En los dos meses anteriores a la emergencia, el Servicio de Atención a Personas Privadas de Libertad (SNAI) reportó 18 muertes al interior de las cárceles del país. Y en los meses de la emergencia, ninguna.

Es decir, la reducción de muertes violentas en cárceles fue del 100%.

En este lapso solo hubo el reporte de tres incidentes menores.

  • El 3 de septiembre hubo una riña entre presos de la Cárcel de Esmeraldas. Tres personas resultaron heridas levemente, pero el percance fue controlado por la Policía y las Fuerzas Armadas.
  • El 6 de septiembre, ocho presos escaparon de la Cárcel de Tulcán. Uno falleció en la persecución y los otros siete fueron detenidos nuevamente.
  • El 7 de septiembre, tres internos del Centro de Rehabilitación Social de Machala se fugaron. Horas después todos fueron recapturados.

Traslados y La Roca

Además de la presencia de los uniformados, otra medida que ha resultado efectiva es el traslado de los denominados “presos de difícil adaptación“.

Inteligencia policial determinó que gran parte de la violencia que se vive en las cárceles se relaciona con las pugnas entre grupos criminales, liderados por los presos de alto riesgo.

La mayoría de este tipo de detenidos fue enviada a Guayas, específicamente a La Penitenciaria del Litoral y a la Cárcel de La Roca, que pasó a llamarse Centro de Rehabilitación Social Guayas N.° 3.

Esta cárcel opera con un régimen especial para personas de alta peligrosidad y para esto tuvo que ser readecuado para recibir a los nuevos detenidos.
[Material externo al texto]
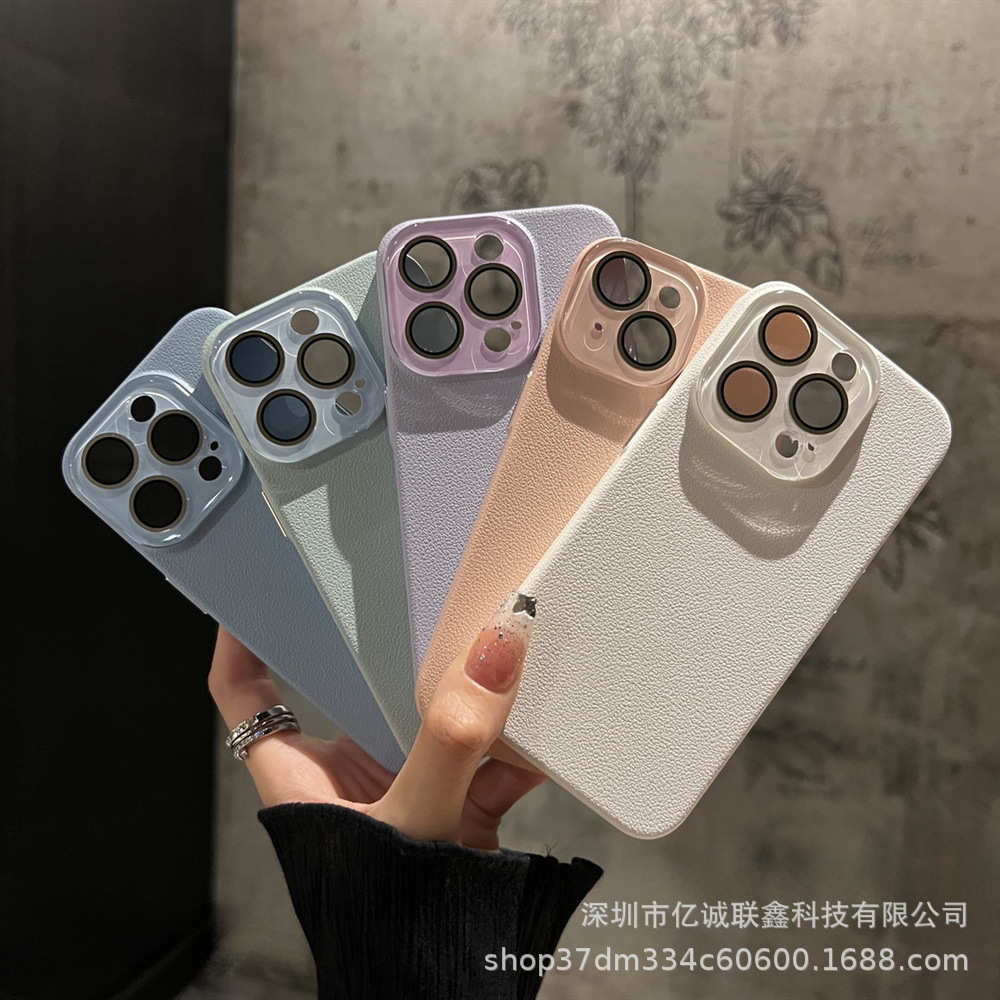Lychee pattern solid color suitable for iPhone 15plus phone case iPhone14 Pro Max crystal lens film 13 matte pic 14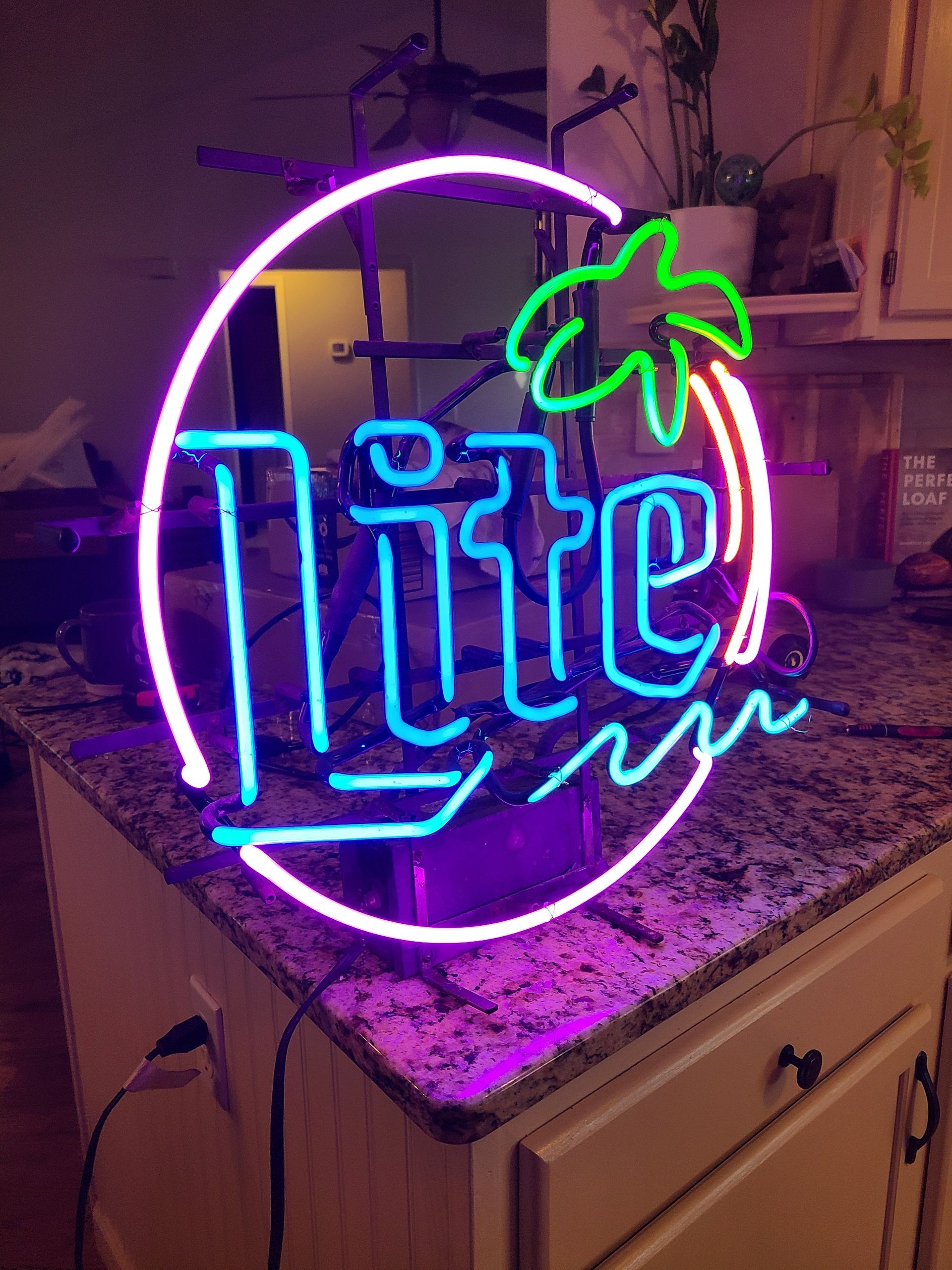 Neon Miller Lite sign, blue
Por USD 155.430,35, el SNAI contrató a SBDC Cia. Ltda. para la readecuación, el mantenimiento y el equipamiento de esa infraestructura.

Ese es el único contrato ejecutado por la entidad bajo el paraguas de la emergencia decretada por Moreno. El objeto de la contratación se divide en el arreglo de tres sistemas de la cárcel:

  • Hidrosanitario.
  • Eléctrico.
  • Electrónico (voz y datos, detección de incendios, control de accesos, circuito cerrado de televisión y audio)

El contrato se firmó el 23 de septiembre y la obra deberá estar lista el 7 de noviembre de 2020.

Hasta el momento, los traslados efectuados por el sistema carcelario bordean los 3.600. Estos movimientos realizados en dos meses ya superan en un 28% a los realizados en todo 2019.

Entrega de armas

Otro de los ejes que emprendió el SNAI fue el concientización. A través de la campaña ‘Yo Me Rehabilito’ las autoridades intentaron llegar a los presos para alcanzar paz.

Por ejemplo, luego de reubicar a los más violentos, se empezaron jornadas de diálogos con los distintos pabellones de las 48 cárceles del país para lograr un desarme voluntario.

Así en varias cárceles, los detenidos entregaron de manera voluntaria cientos de armas blancas artesanales. Solo en Guayaquil, por ejemplo, hubo la entrega de 450 objetos cortupunzantes.